After a challenging few years, during which Casey's General Stores Inc.'s founder Donald Lamberti retired and same-store sales growth slowed to the pace of a Sunday driver checking out Iowa's cornfields, the chain of 1,369 rural locations is on an upswing.

With nearly all company goals for the fiscal 2005 met or exceeded, CEO Ronald Lamb and the rest of his senior management team — most of whom have been with the company well over 15 years — are confident about Casey's future, as they plan steady growth through acquisitions in the chain's nine-Midwest-state market and, perhaps, beyond.

But don't expect any flashy announcements of new prototypes or great upheavals in the company's longstanding business strategy. Lamberti's vision of operating a chain of mostly small-town stores — 75 percent of them are in towns of fewer than 10,000 people — offering very competitively priced gasoline, high-quality prepared foods and a large-for-the-industry selection of grocery and general merchandise items has served Casey's well.

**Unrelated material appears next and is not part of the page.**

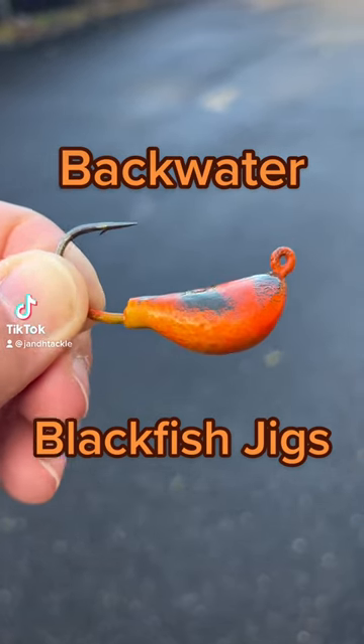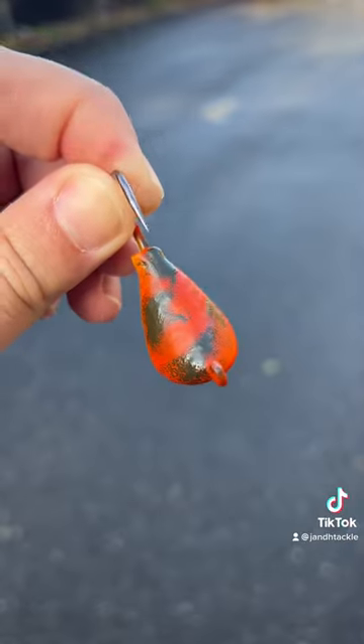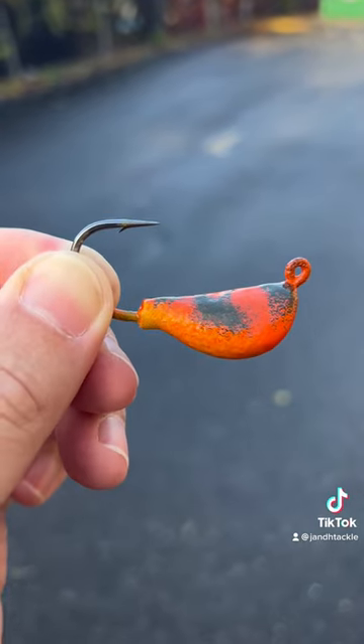Blackfishing season is upon us and that means jigs. These are from Backwater, which is a local Long Island company. All hand-painted, handmade. Two ounces, four different colors. This is Crushed Crab, probably the most popular color — just a great blackfish jig.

"For the next several years, we'll tend to our knitting and keep looking for good acquisitions," Lamb said, speaking from the chain's Ankeny, Iowa, headquarters. "I think we will continue to see same-store sales and gross profits increase. Gasoline is an unknown, but as long as we remain competitively priced, I think we'll see gallons continue to increase, too."

The Casey's veteran — he has been with the company for more than 35 years, when Lamberti operated just two stores — has good reason to be optimistic. The company's recent implementation of new store and back-room technology, coupled with a few significant — but not drastic — changes in its offer, is paying off.

While fiscal 2005, which ended April 30, got off to a bumpy start with earnings down in the first part of the year, the fourth quarter was a stunner, more than making up for earlier shortfalls. Same-store gallons sold increased 5.6 percent. Grocery and other merchandise sales increased 6.3 percent and foodservice sales grew by nearly 10 percent. Sales this past May furthered that momentum: Same-store gallons and merchandise sales both grew by a solid 6.5 percent, while foodservice sales jumped 11.2 percent. At press time, June same-store sales were looking solid.

Steering the chain through a maze of hazards experienced by the entire industry — including volatile gas pricing, the reduction in cigarette manufacturer programs, rising costs and increased competition — hasn't been bump-free. Back in fiscal 2003, same-store gasoline gallons were off 3 percent. Grocery and other merchandise sales stalled at an 0.2 percent increase; margin-driving prepared foods and fountain eked out a small 1.1 percent increase.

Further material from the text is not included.